▶ _PROVIDED INFORMATION_
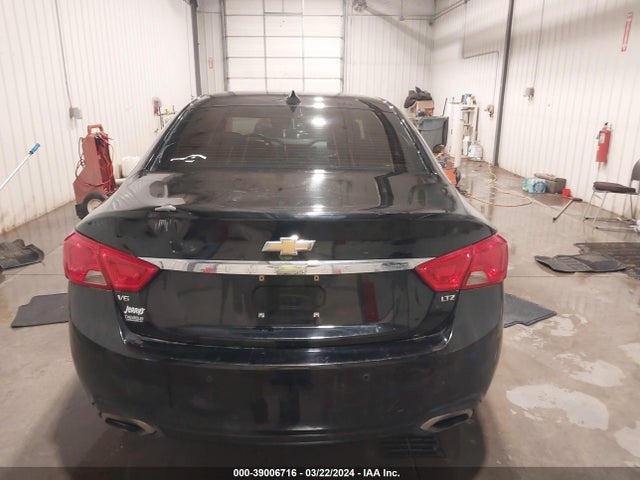 Chevrolet IMPALA 2LZ 2016 2G1145S35G9104215 Image 16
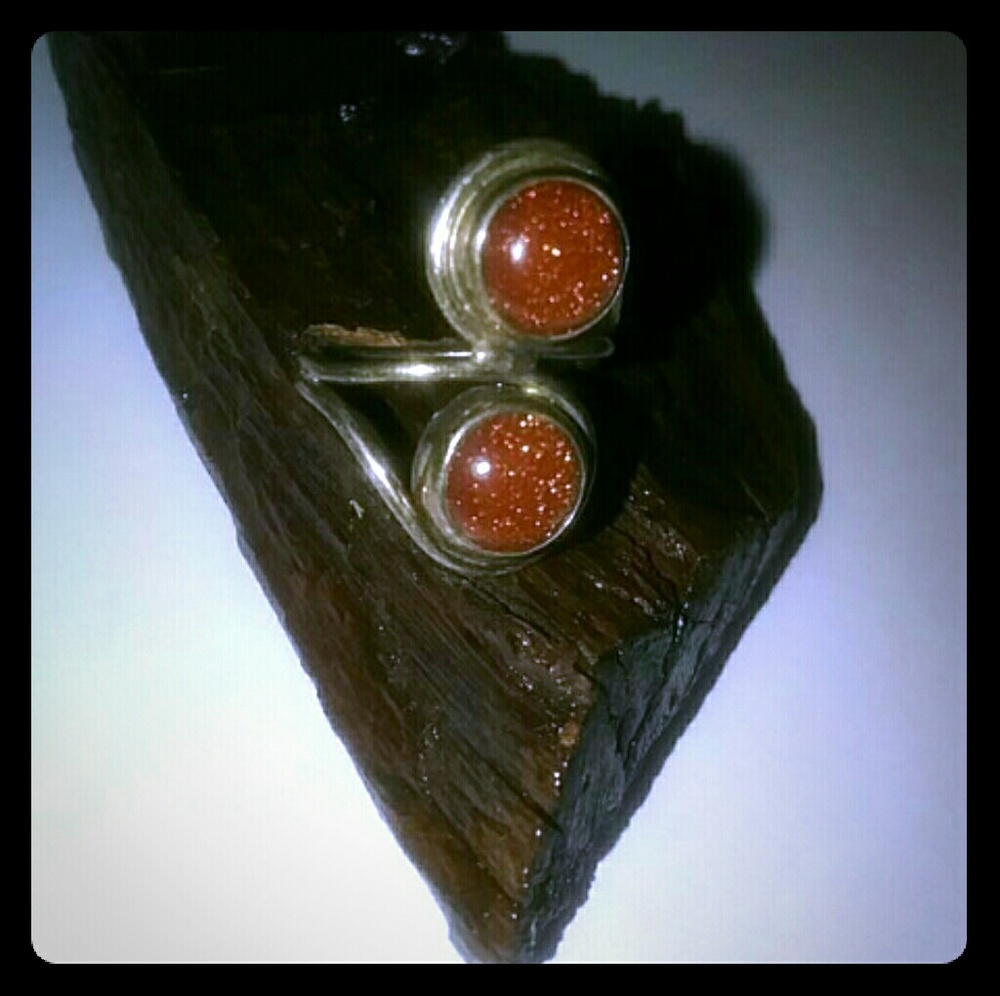 Sterling silver ring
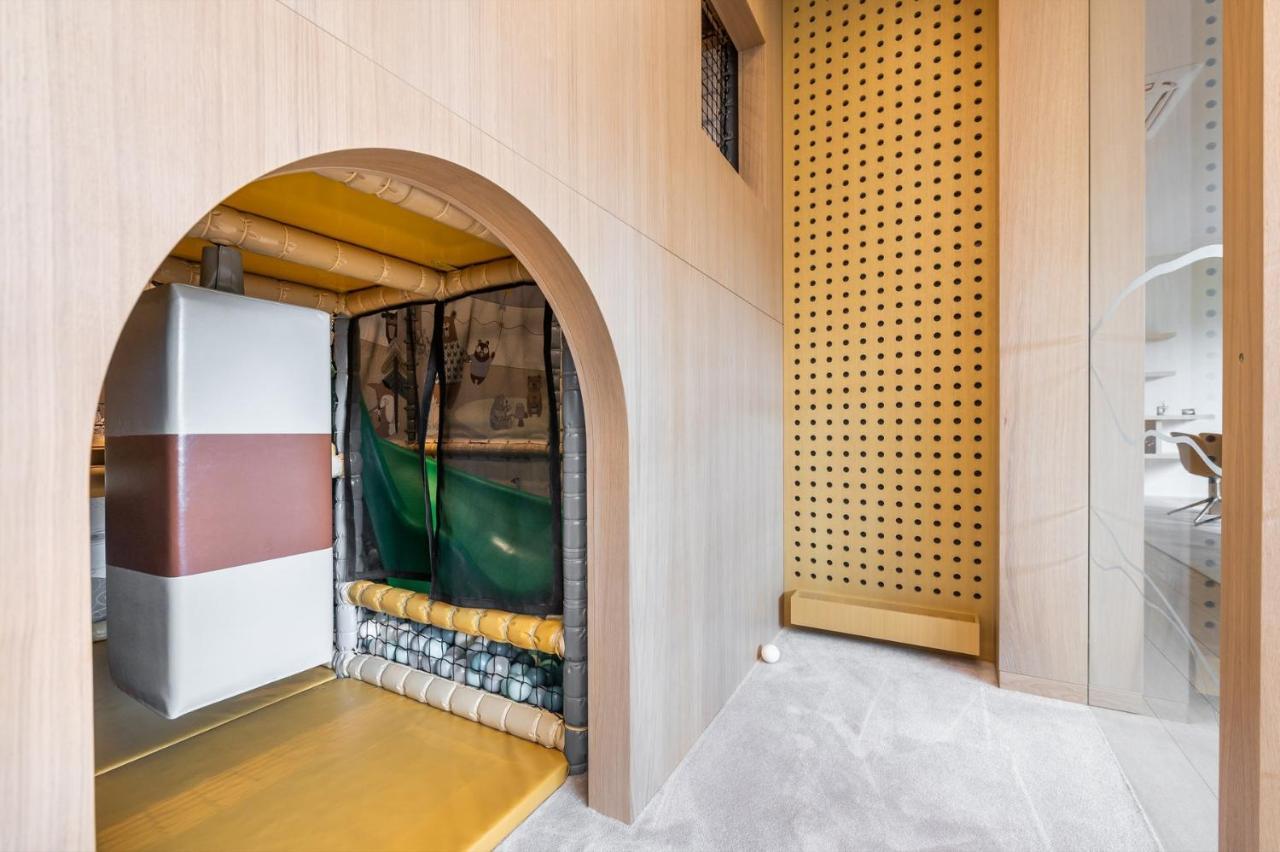 Nadmorski Dwór - Green Apartment Gdańsk Exterior foto
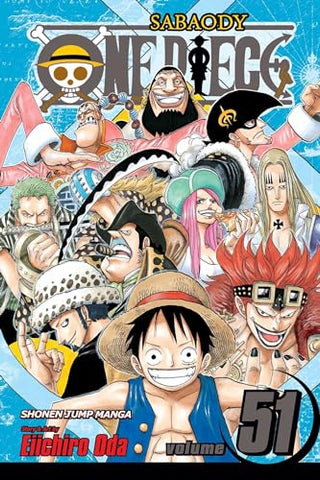 One Piece Vol 51 (Online Order Only)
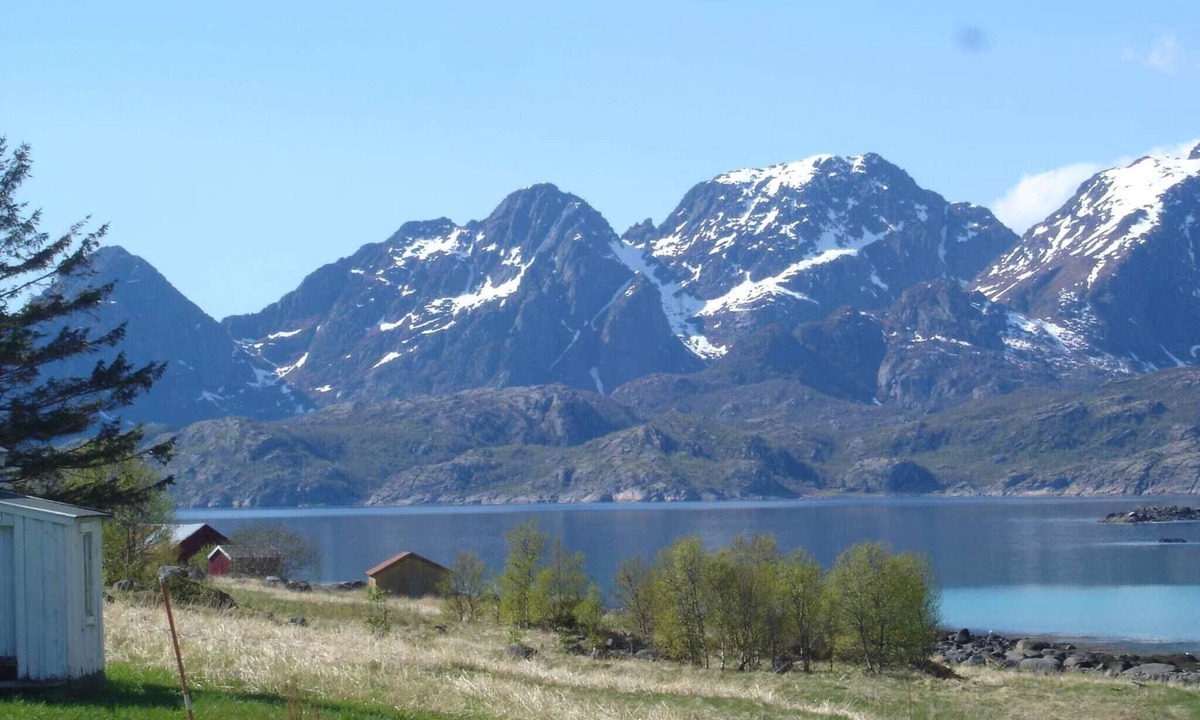 Digermulen Apartment | 5 person holiday home in Digermulen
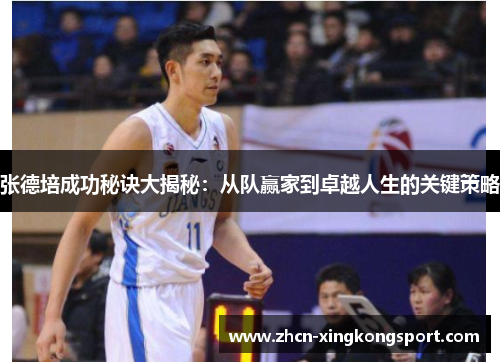 张德培成功秘诀大揭秘:从队赢家到卓越人生的关键策略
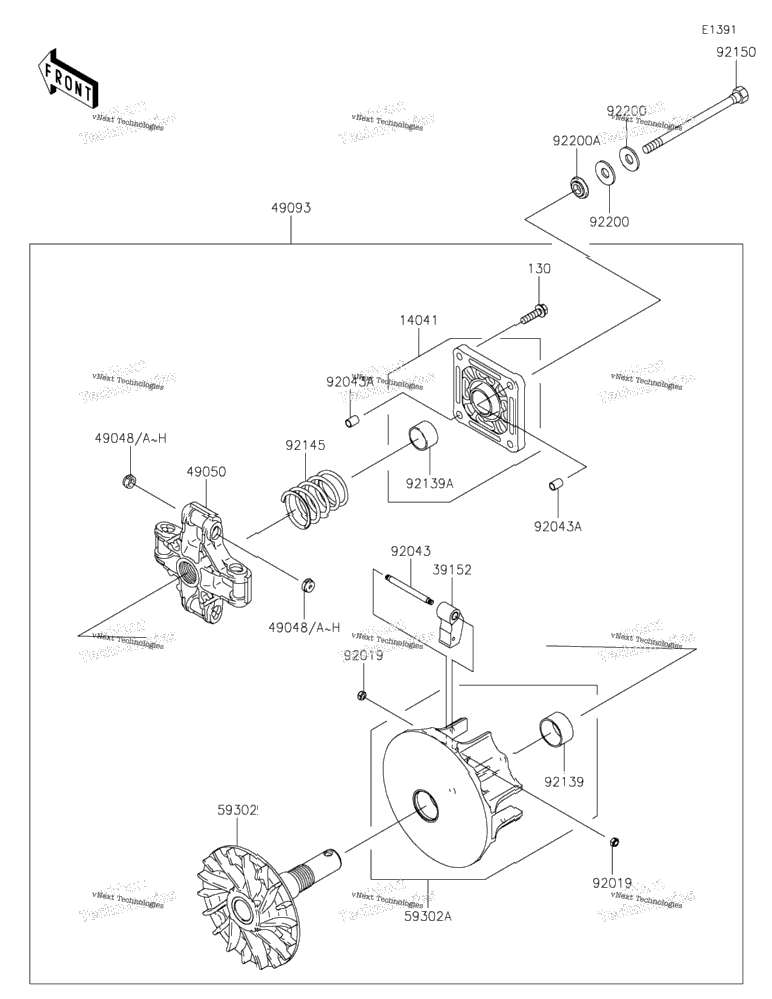 Drive Converter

▶ _YOUR ASSIGNMENT_
The answer is to be the lines from the line that contains "Sterling silver ring" through the last line of the material, retyped exactly, both included, with pictures left out, please.

▶ _SOLUTION BELOW_
 Sterling silver ring
 Nadmorski Dwór - Green Apartment Gdańsk Exterior foto
 One Piece Vol 51 (Online Order Only)
 Digermulen Apartment | 5 person holiday home in Digermulen
 张德培成功秘诀大揭秘:从队赢家到卓越人生的关键策略
 Drive Converter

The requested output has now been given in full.